In line with this year’s Innovation Month theme — try, test, learn, deliver — this was not presented as the final product. It’s in the beta-testing phase, much like the DTA’s digital summit is described as a “public beta” as well, because it’s the first one.

“Experiments can test our understanding, test our evidence, test our theories, hunches and our research,” Kelly said in her speech.

“Experiments take ideas and turn them into practice. experimentation can give us the confidence to deliver policies and services that have been rigorously tested and adjusted to meet the needs of users. Experiments allow us to try something new, fail small and fast, learn how to improve and adapt, and pivot, and ultimately deliver the best possible outcomes.”

Innovation Month also started as an experiment by two staff of the Agriculture department, she noted.

“It’s grown into a key event in the annual public sector calendar. Experimentation is a key part of public sector innovation, with innovation teams like the Digital Transformation Agency’s govX, design teams at the Tax Office, my own department’s BizLab, consistently running trials of policy and program solutions as part of their processes.”

Innovation Awards: three categories, 12 finalists

Finalists in this year’s Public Sector Innovation Awards were announced in mid-June.

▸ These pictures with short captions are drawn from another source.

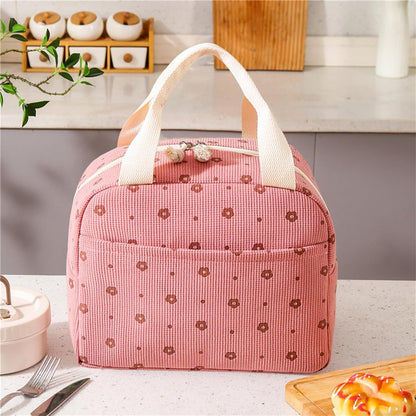 Women's Insulated Lunch Bag - Pink Insulated Bag for Work and School.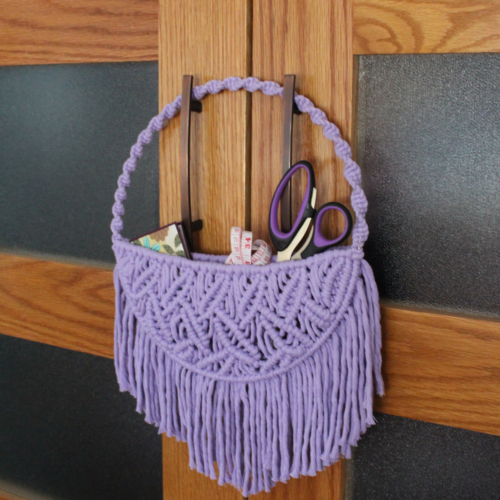 macrame wall pocket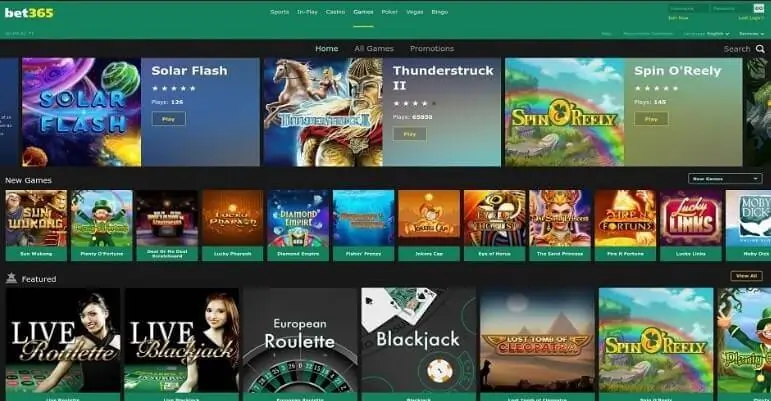 Bet365 Homepage Banner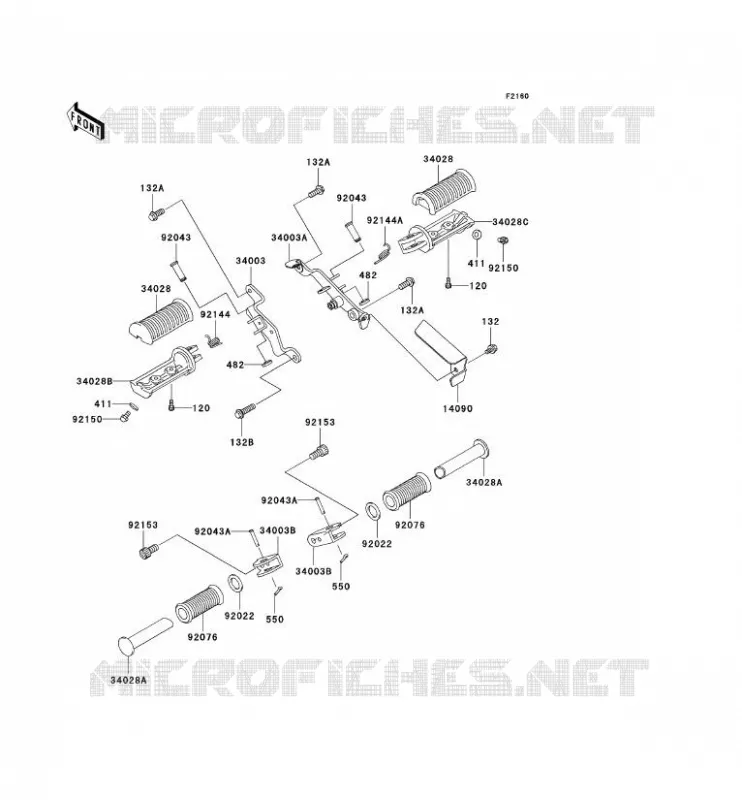REPOSE PIED Kawasaki MOTOS 125 2006 ELIMINATOR 125  BN125A6F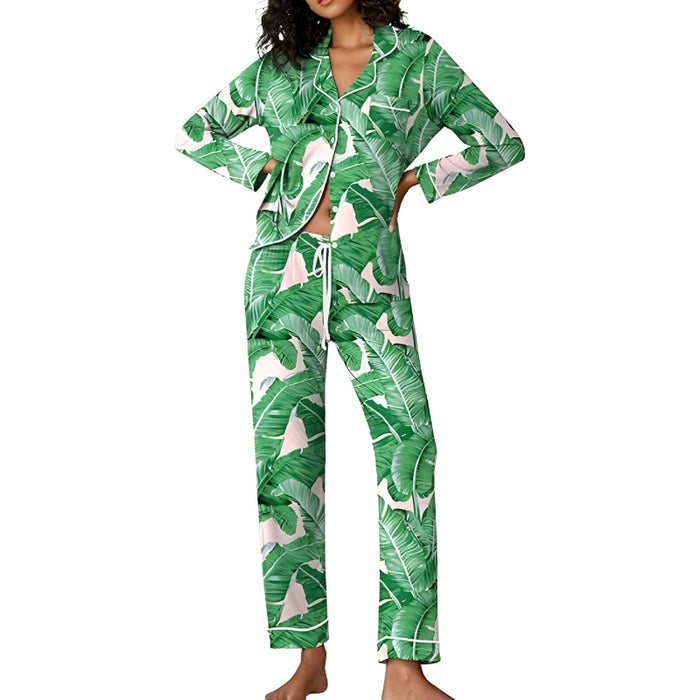 Flower Printed Long Sleeve Lounge Set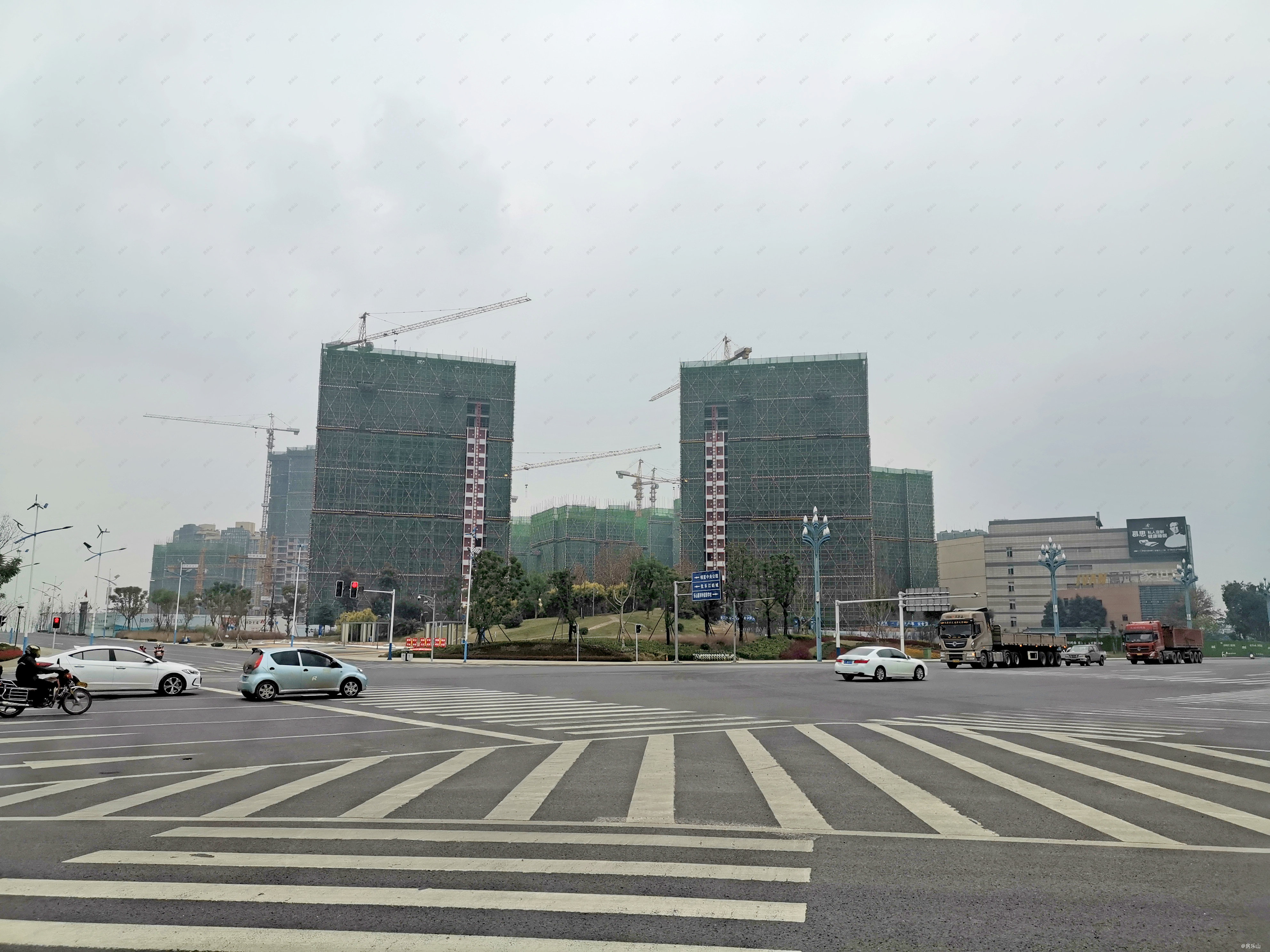 邦泰大渡河府滨河湾实景图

Next, each team will pitch their idea to the judges, after receiving some pitch training through the Canberra Innovation Network (which incidentally just appointed experienced IT industry executive Hala Batainah as its new chair after her nomination by the territory’s Chief Minister Andrew Barr).

In the “citizen-centred innovation” category of this year’s awards, we find:

  • The ACT government’s Family Safety Hub, a “co-designed innovation hub that uses human-centred design practices to create and test solutions for those affected by domestic and family violence” and involves organisations from multiple sectors.
  • Trade Mark Assist, an application offered by IP Australia to help people protect intellectual property.
  • Efforts by the Department of Defence to improve its relationship with Aboriginal people in the Woomera Protected Area.
  • Educational resources from the Australian Sports Anti-Doping Authority using virtual reality and a mobile app.

Innovations that go towards improving culture and capability include:

  • A plan to establish “an innovation ecosystem” in the Department of Human Services.
  • “Sprints” at the Bureau of Meteorology: a staff member steps out of their team to do a “short, real-world project or work package” for another.
  • A push to change the culture at the Australian Institute of Family Studies by listening to staff, with “dramatic and surprising” results.
  • A mobile site for federal parliamentarians to learn about their entitlements and obligations from the Independent Parliamentary Expenses Authority.

In the “digital and data” category, the four finalists are:

  • A “dynamic microsimulation model that projects the distribution of retirement incomes, assets and Age Pension expenditures out to 2055” from Treasury, called the Model of Australia’s Retirement Income and Assets (Maria).
  • From the Department of Education and Training, the first example of the Multi-Agency Data Integration Program influencing policy, in this case, to improve school resourcing calculations.
  • “A secure diplomatic network communications capability to meet the challenges of deploying into crises situations quickly and effectively” developed by the Department of Foreign Affairs and Trade.
  • The Tax Office’s tax-gap research program, which used “an innovative data-driven approach” to improve estimates of the tax gaps of large corporate groups and has reportedly won international acclaim.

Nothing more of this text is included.